There is nothing so painful as a secret hidden in plain sight, and The Silent House holds a mystery which unravels with the constancy and slowly deliberate nature of water through stone. From the Iran Saye Theatre, this sensory, psychological thriller redefines the form as it explores the destructive impact of words unspoken and the ruinous impotence of relentless tedium.

Benjamin and Shiva are trapped in a cycle of daily routine, their lives stalled as they await their citizenship. With minimal set and staging we bear witness to the monotony of life, the daily preparation of a meal, the silence between our two actors punctuated by a live soundscape created just out of sight of the audience, as we hear the rattling of pots and pans, tin plates and cutlery. In an attempt to escape the relentlessness of their state, Benjamin and Shiva both wear headphones throughout with Benjamin’s attached to another world where he lives out the strains of Wagner as his pregnant wife Shiva prepares the meal with headphone wire trailing unattached, a hint to her comparative freedom. Though they connect physically, a gentle hand across the back, a smile, a whispered word of encouragement to feel the baby move, every attempt of conversation and connection is thwarted.
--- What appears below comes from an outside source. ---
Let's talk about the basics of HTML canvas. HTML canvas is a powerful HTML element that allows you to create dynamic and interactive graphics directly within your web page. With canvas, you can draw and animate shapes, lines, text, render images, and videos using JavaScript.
Like the human incarnation of repetitive motion injury, The Silent House sees the slow, painful destruction of their relationship. Through the repetition of their daily routine we see the breakdown of their intimacy replaced with a quiet politeness which belies a fierce undercurrent of jealousy. Benjamin Esbati and Shiva Makinian imbue their characters with an intensity and subtlety which was breathtaking to watch, with nuanced movements which spoke volumes in the silence, a look, a fading smile, a tapping foot, the familiarity of a couple in close proximity, anticipating each other’s every movement, overreaction to a small infraction, and moments of weakness, revealed to the audience but concealed from each other.
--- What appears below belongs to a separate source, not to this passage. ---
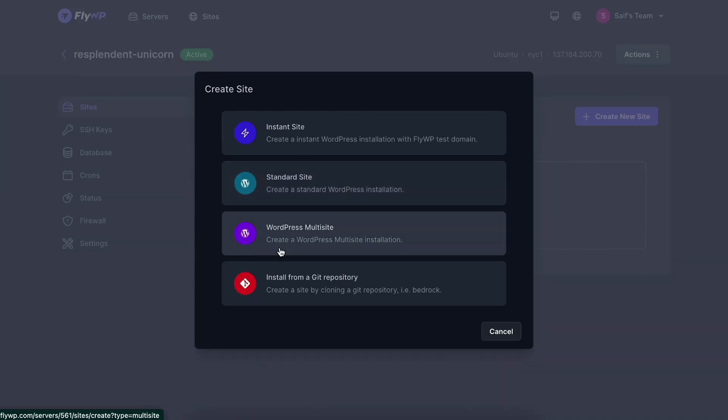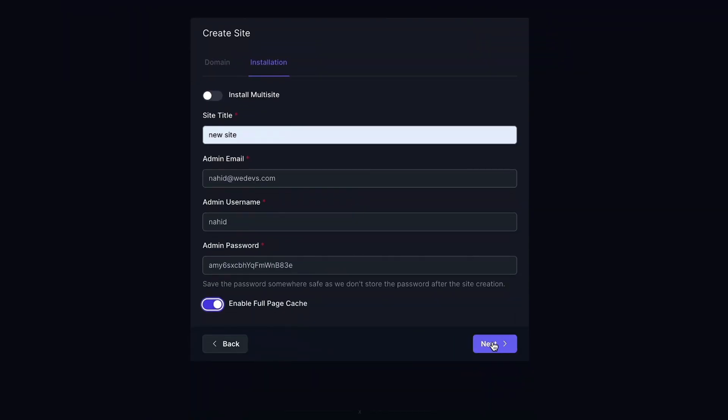Okay, go ahead and click that Buy Now button if you're good to go. If you're still here, let me show you the FlyWP dashboard — that's where you'll manage all your WordPress sites. Getting a site up and running on your new server only takes a few steps. Just enter your domain and site details, and then you're good to go. If you're a developer, you can also ship code directly from GitHub in one click.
The Silent House is as much a statement on the consequences of war as the dangers of a life unlived and potential unrealized, and the poisonous nature of suspicion. Through sublime physical theatre and aided by thoughtful symbolism the story unfolds in heartbreaking tedium, the effect unsettling and confused, seeing the breakdown of a relationship played out in intimate detail. The power and wounding external influence of war and materialism is beautifully, tragically realized as Benjamin and Shiva “consume” ever increasingly damaging items from nuts and bolts, to cell phones, and makeup, ending with a final meal of bullets, a world which we like Benjamin only experience second hand, a point of contention which creates the ever increasing tension, as Benjamin feels more out of control of his own life. As the piece continues, these influences invade and occupy the space, a visual mess of chaos strewn across the stage, overtaking the small refugee home in which Benjamin and Shiva must exist. The few fleeting moments of conversation warrant the removal of only a single earbud, a symbolic representation of miscommunication and assumption as the couple struggles to maintain the conversation, asking a question then replacing the earbud before each hears the answer, frustratingly refusing to communicate completely.
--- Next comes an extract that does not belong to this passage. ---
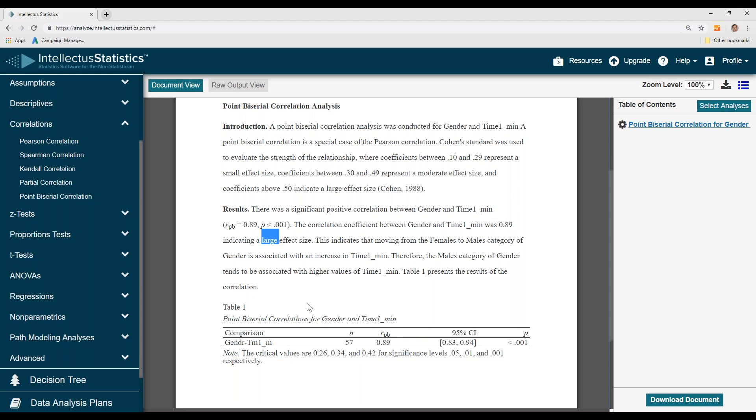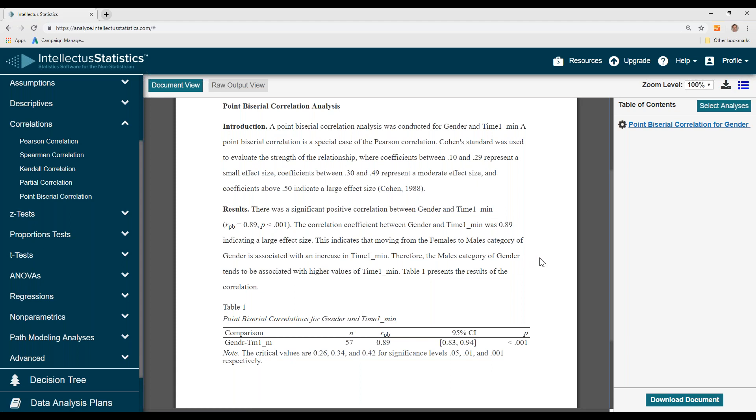And then there's the APA-like table, and you simply click over here to download that document. That's how you conduct the point biserial correlation.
The pacing is slow but intentional and the emotional tension which these two actors create is a masterclass in theatrical body language and communication. The inability to verbally communicate or even to share a few moments of the strains of Wagner is beautifully juxtaposed against the near constant physical conversation between Benjamin and Shiva, as we see these two people occupying the same small space, acting out the same daily routine with little variation, and existing in two entirely different worlds. I was reminded of a modern day, war-time Death of a Salesman as Benjamin struggles to reconcile his continued emasculation of circumstance finally breaking and destroying all he has built.

My greatest regret is that I saw this show on the final performance because I felt there was so much to take in I’d have been happy for a second view. Gratifying, mystifying, mentally and emotionally exhausting, I left the theatre having witnessed an absolutely thrilling piece of theatre in the silence.